Teaching and Outreach
Anthropology 191: First Year Seminar - The Human Species
University of Massachusetts
In this course first-year students explore fundamental ideas in biological anthropology through hands-on labs, and discuss academic and personal skills needed for college success. This small class format (19 students maximum) is intended to help students foster meaningful connections during their first semester at college.
Taught Fall Semesters 2017, 2018, 2019
Anthropology 103: Human Origins and Variation
University of Massachusetts University Without Walls
An introduction to the field of biological anthropology: human evolution, human biological variation, primate evolution and diversity.
I give occasional guest lectures on the subjects of human evolution, the evolution of endurance running, and the evolution of human sweating. Recently I have presented guest lectures to: Human Origins and Variation (UMass, 2019), Human Evolution (UMass, 2020), Race and Biology (Mount Holyoke College, 2017, 2018, 2020), and Introduction to Biology (Mount Holyoke College, 2020).
High School Teaching
Since 2006 I have taught 9th and 10th grade biology, first in Connecticut (2006) and then in Massachusetts (2007-present).
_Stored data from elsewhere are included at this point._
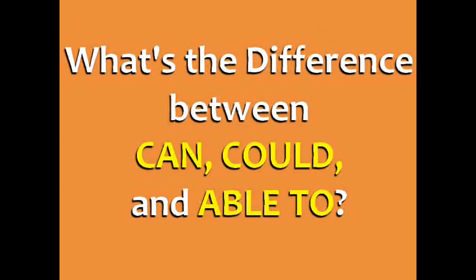What's the difference between can, could, and able to? From EspressoEnglish.net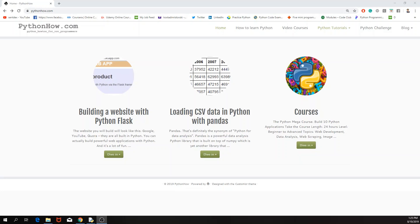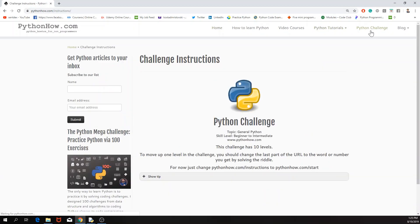Hello and welcome. Today in this tutorial I'm going to attempt to finish all ten levels of the PythonHow Python challenge, which is intended for beginners. If you are a beginner then I think you would enjoy this video. Go to PythonHow.com and on the top right you have the Python challenge. I advise you to start with the challenge on your own, and if you're stuck at any level, come back to this video — in the description I'm going to put the minute and second where each challenge starts.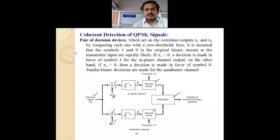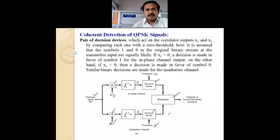The next block after the correlators is a pair of decision devices which act on the correlator outputs X1 and X2, comparing each one with a threshold value of 0. It is assumed that symbols 1 and 0 in the original binary stream at the transmitter input are equally likely.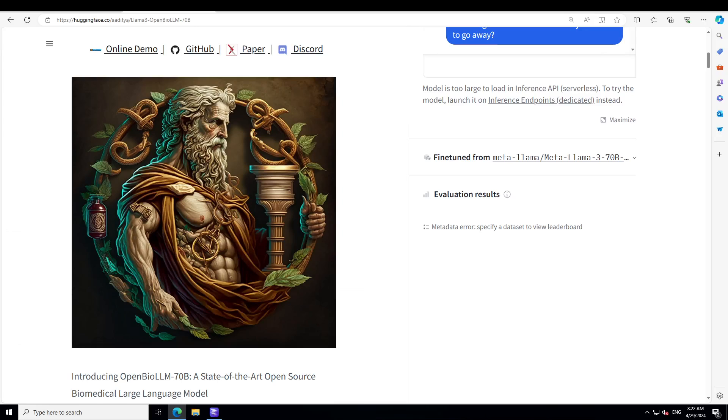This combination of cutting-edge techniques enables OpenBioLLM-70B to align with key capabilities and preferences for biomedical applications. It is only available in English at the moment and its license is Meta Llama's license.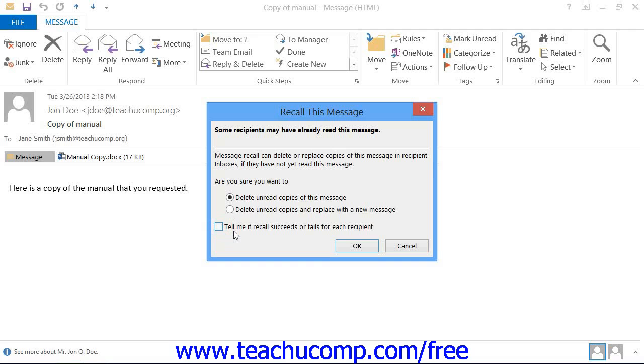If you selected to send another email to replace it, you will need to send the email with the changes you need to make after selecting that option.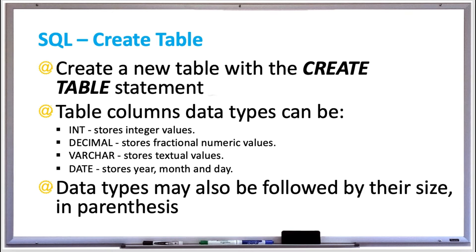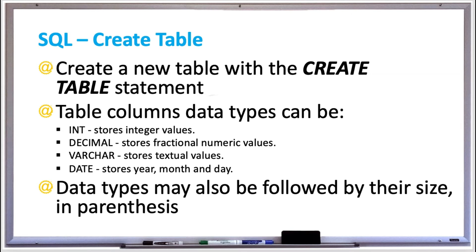Data types can be INT, which stands for integer values, DECIMAL, which stores fractional numeric values, VARCHAR, which stores any kind of text, and DATE, which stores the year, month, and day. Some data types are followed by the size of the data in parentheses.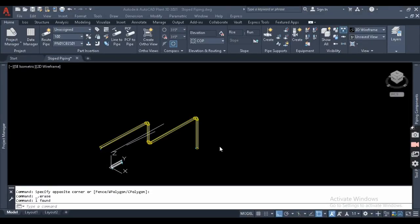Hello everyone, welcome back to my YouTube channel Plant 3D Tutorial. I am making this video after a very long time as I was busy with some work due to personal reasons. This video is about sloped piping part 2. If you haven't watched part 1, please watch it before coming to part 2. This part 2 is about tolerances in sloped piping and how to modify those tolerances.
In addition to surveying the main subfields of biology and preparing students for the MCAS Biology test, students engage in evolutionary theory at a deeper level than at most high schools, including a unit on human evolution. As of 2019, only a handful of states include human evolution in the biology teaching standards. Massachusetts is not among them and I feel strongly that this is a glaring omission from most states' curricula.
Outreach and Public Lectures
Lecture: "Beating the heat: How sweating helped make us human". Mount Holyoke College Biological Sciences Seminar Series, March 2020. video
Lecture: "Endurance Running and Human Evolution". Sugarloaf Mountain Athletic Club annual dinner, 2016.